La Ligne, c'est « la ligne », toujours inspirée et conduite par les maîtres
mots : aller, voire et insister.
Sur le terrain, au sol à Caravelas, le Laté-26 n’est pas encore équipé de la
radio. Il tourne au ralenti, prêt à partir.
Ce qui, courrier transféré, réduit le temps d'escale à moins de 5 minutes.
Et au ras de l'eau, Vanier s'enfonce alors dans une nuit naissante, déjà
obscurcie par les rouleaux sombres d'orages isolés.
Après 02 h 40 d'une dure bataille, au cours de laquelle, et parfois à
quelques mètres, le pilote aura découpé les méandres d'une côte où
seules apparaîtront çà et là les rares franges d'une écume
phosphorescente souvent noyées de pluie dense, il apercevra alors le
phare de Victoria dans une trouée.
Sous le hangar, à Victoria, le Laté-26 F-AIKY dispose des pleins complets.
Récemment arrivé de Buenos-Aires par le jeu des courriers, il est équipé
de la radio.
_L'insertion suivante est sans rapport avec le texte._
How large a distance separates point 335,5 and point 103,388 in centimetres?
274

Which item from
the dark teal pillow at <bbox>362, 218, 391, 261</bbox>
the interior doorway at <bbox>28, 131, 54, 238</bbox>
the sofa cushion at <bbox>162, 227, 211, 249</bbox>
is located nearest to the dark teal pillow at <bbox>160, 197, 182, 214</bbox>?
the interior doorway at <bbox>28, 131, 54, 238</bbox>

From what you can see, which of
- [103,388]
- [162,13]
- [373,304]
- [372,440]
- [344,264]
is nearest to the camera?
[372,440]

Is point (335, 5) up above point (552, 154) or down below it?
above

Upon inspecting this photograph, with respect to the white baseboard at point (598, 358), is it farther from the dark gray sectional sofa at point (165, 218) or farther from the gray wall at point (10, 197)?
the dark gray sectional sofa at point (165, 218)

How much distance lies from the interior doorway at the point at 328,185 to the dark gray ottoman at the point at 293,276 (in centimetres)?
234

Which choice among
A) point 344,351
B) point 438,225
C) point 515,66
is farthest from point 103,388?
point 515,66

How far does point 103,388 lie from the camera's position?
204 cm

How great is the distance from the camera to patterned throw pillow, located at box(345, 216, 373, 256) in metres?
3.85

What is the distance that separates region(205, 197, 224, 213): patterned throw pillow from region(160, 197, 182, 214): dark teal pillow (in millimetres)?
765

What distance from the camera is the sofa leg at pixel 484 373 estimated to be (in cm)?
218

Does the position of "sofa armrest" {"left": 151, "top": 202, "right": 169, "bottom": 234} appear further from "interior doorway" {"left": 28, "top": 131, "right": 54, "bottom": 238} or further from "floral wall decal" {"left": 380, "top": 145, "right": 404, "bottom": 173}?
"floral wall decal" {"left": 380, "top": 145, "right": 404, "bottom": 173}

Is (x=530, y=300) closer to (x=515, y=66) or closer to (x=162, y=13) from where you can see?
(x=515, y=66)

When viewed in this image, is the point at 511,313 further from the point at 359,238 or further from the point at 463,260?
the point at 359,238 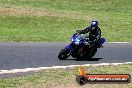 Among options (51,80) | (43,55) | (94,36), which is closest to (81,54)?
(94,36)

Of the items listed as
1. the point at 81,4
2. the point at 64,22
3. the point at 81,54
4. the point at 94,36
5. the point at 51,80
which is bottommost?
the point at 64,22

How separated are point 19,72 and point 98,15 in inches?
1022

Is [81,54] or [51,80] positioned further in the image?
[81,54]

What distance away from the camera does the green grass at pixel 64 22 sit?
89.7ft

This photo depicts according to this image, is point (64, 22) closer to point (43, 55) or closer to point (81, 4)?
point (81, 4)

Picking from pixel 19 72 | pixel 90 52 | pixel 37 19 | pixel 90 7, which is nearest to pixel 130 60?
pixel 90 52

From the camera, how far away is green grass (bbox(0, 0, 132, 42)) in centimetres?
2733

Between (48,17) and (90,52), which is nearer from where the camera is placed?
(90,52)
Vanier n'hésite pas.
Malgré une météo confirmée par Rio « pluie torrentielle, visibilité nulle,
orages ininterrompus », il part.
À défaut d'un spécialiste de La Ligne, il emmène Olivario Chagas, le radio
brésilien rattaché à la station de Victoria, dont ce sera le baptême d'étape
! Lièvre reste à Victoria et reviendra Rio par un prochain courrier. Un violent
grain s'abat sur le terrain.
Sur ses deux magnétos, prudemment sélectionnés, les 450 chevaux
Renault donnent son régime.
Dans la pluie, l'eau et la boue collent aux roues, freinent le décollage et
leurs projections viennent frapper jusque dans les plans comme autant de
coups de raquette.
Mais Vanier arrache le F-AIKY du bourbier de Victoria.